Microsoftが2021年6月25日午前0時(日本時間)から開催する「what's next for Windows」を待たずに、Windows 11と呼ばれる開発中のイメージがインターネットに流出した。海外のITサイトはここぞとばかりに、スクリーンショットやハンズオン動画を掲載している。
たとえばWindows Centralは、「本OSはWindows 10Xスタイルの中央に寄せたUIと、新たなデザインとアニメーションを備えたスタートボタンがある」と概要を説明。興味があれば上記リンク先の画像をご覧いただくとして、ここでは以前掲載した流出版Windows 10Xを紹介しよう。
スクリーンショットを確認した限りだが、ローカルアカウント使用時は必要最小限の項目、Microsoftアカウント使用時は同期機能を利用して、直近に使用したファイルがスタートメニューに並ぶ。従来のタイルは廃止され、アプリのアイコンが等間隔に並んでいる。マウスやタッチパッド、タッチ操作が必須のようだが、このあたりはWindows 10XのUIを継承したようだ。キーボード操作でアプリやファイルを参照する場合は、検索機能を使用するのもWindows 10と同じである。
Windows 10を基盤として、Fluent Designシステムと、プロジェクトReunionの成果物を取り込むのが、Windows 11なのだろう。そのため、「ファイル名を指定して実行」やコントールパネルも健在だ。スクリーンショットのみではシステム内部まで深掘りできないが、一般的には「UIを刷新したWindows 10」という認識で間違いなさそうである。
元々現在のWindowsに至る系図をさかのぼれば、Windows NTにたどり着く。Windows XPもWindows Vistaも、Windows NTをベースに改良を重ねてきたことを踏まえれば、(現時点で判断する限りでは)小規模と思われる変更点の少なさも仕方ない。

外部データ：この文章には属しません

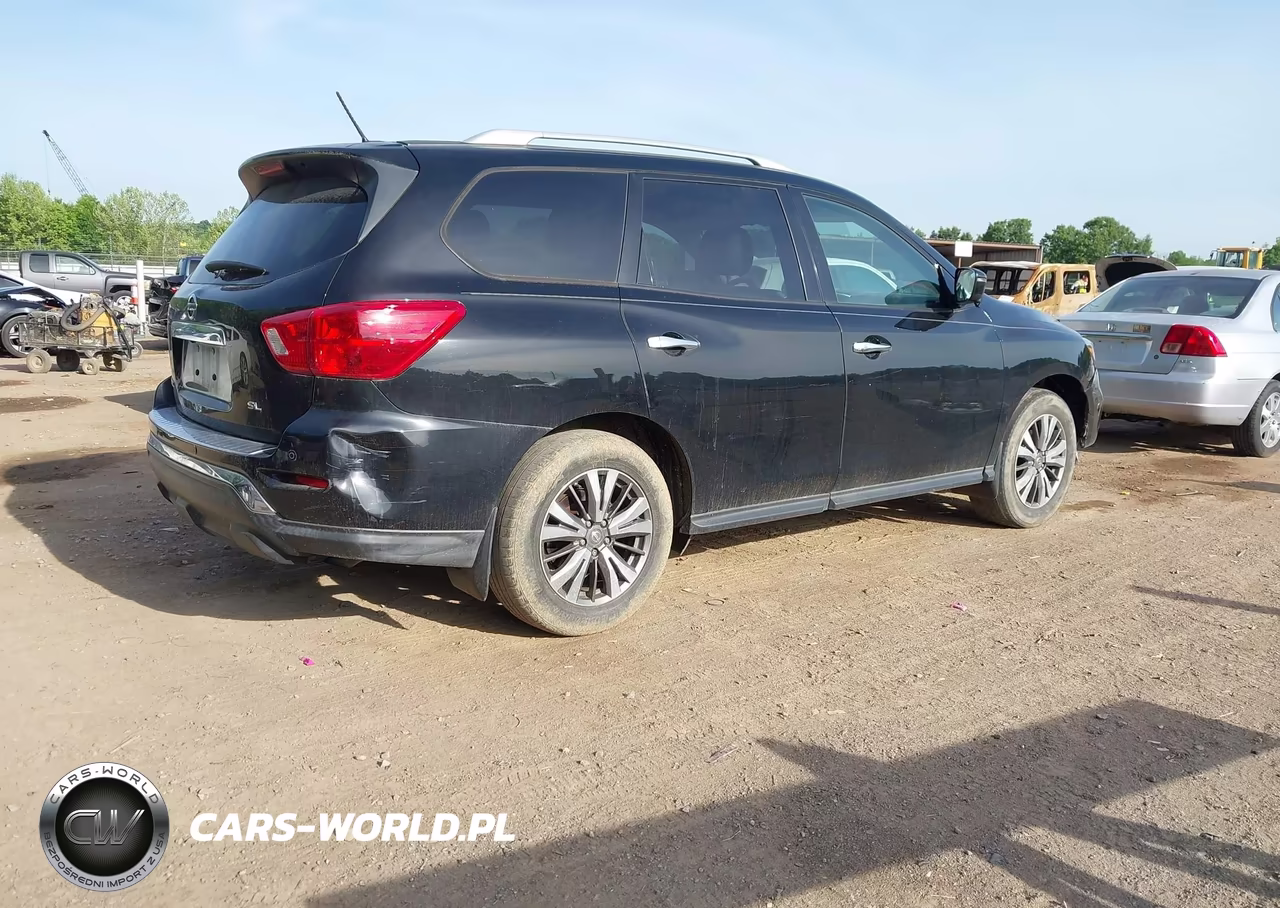 2018 Nissan Pathfinder Sl VIN:5N1DR2MN4JC624940 - 4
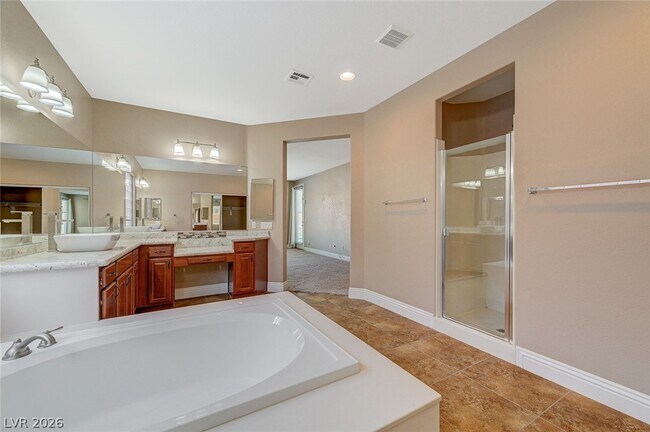 Building Photo - 7876 Sleeping Lily Dr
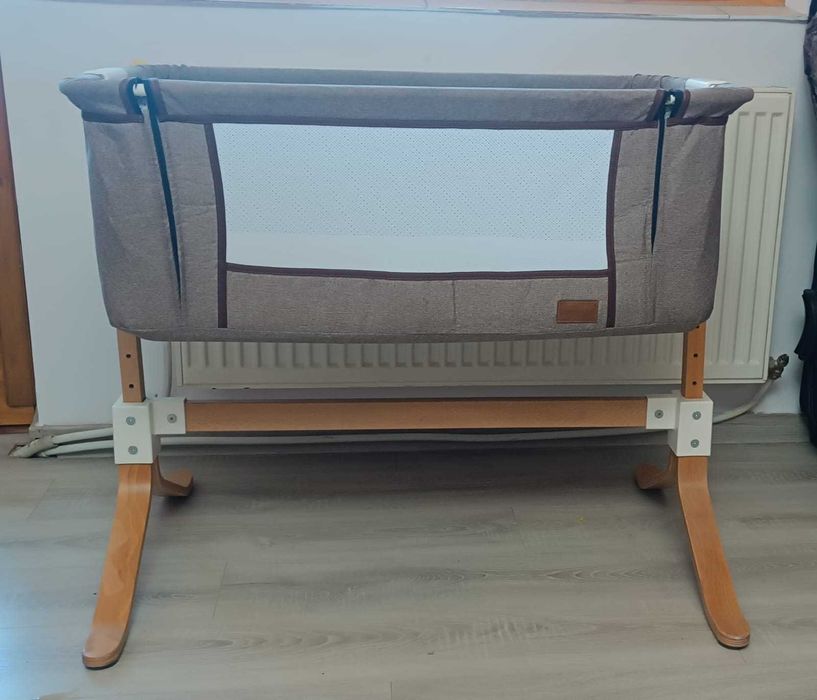 Masa de infasat , multifunctionala, pliabila, cos de depozitare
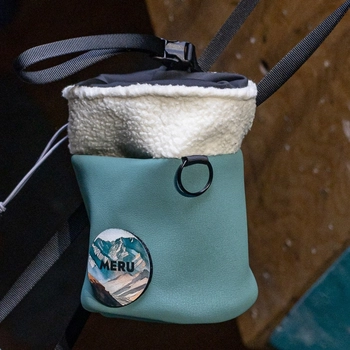Мешочек для магнезии Meru Winter furry bag, White top/Turquoise bottom - фото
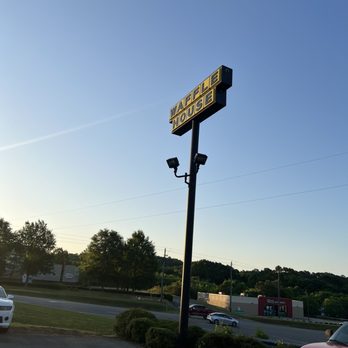 Waffle House - parking lot with cars - American Near Me - Pinson, Alabama Waffle House - parking lot with cars - American Near Me - Pinson, Alabama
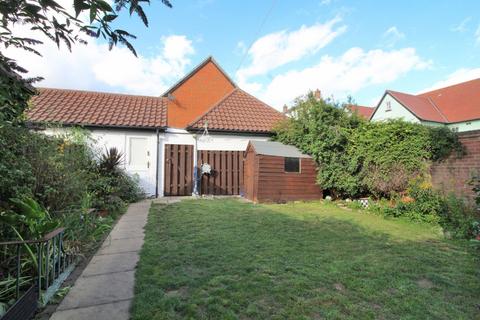 56 Cowdrie Way, Springfield, Chelmsford, CM2 6GL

Windows 11特有の機能としては、新たに「ウィジェット」が加わった。こちらは天気や株価、ニュース記事などをデスクトップにオーバーレイ表示する機能だが、現在のWindows 10に加わった「ニュースと関心事項」のWindows 11版と考えると分かりやすい。
中央寄りとなったタスクバーのボタンは賛否両論を招きそうだが、「設定」の「個人用設定/タスクバー」へ新たに加わる「Taskbar Alignment(タスクバーの配置)」から、中央もしくは左寄りを選べる。ちなみに前述したウィジェットボタンのオンオフ切り替えも、同じ箇所で選択可能だ。今のところ筆者は未検証だが、レジストリエントリーでスタートメニューのデザインをWindows 10風に戻せるなど、各所に下位互換性を持たせているのがMicrosoftらしい。
現時点で、リークしたWindows 11に対してMicrosoftが何も言及していないのは当然。アップグレードプロセスや消費者への訴求要素も不明確だ。ビジネス向けWindows 10と消費者向けWindows 11を並行して提供するのか、公式発表を待つしかない。だが、リークしたISOイメージのファイル名には「CLIENT_CONSUMER」の一文を含んでいることから、ビジネス向けと消費者向けのWindowsを提供する可能性は高そうだ。
少し振り返ると、Windows 7はセキュリティ、Windows 8.xはタッチ操作、Windows 10は「最後のWindows」とのウリ文句を用いていた。もうすぐフタが開く新しいWindowsが控えている。6月25日のMicrosoftオンライン発表会で、どのような売り文句が登場するのか楽しみだ。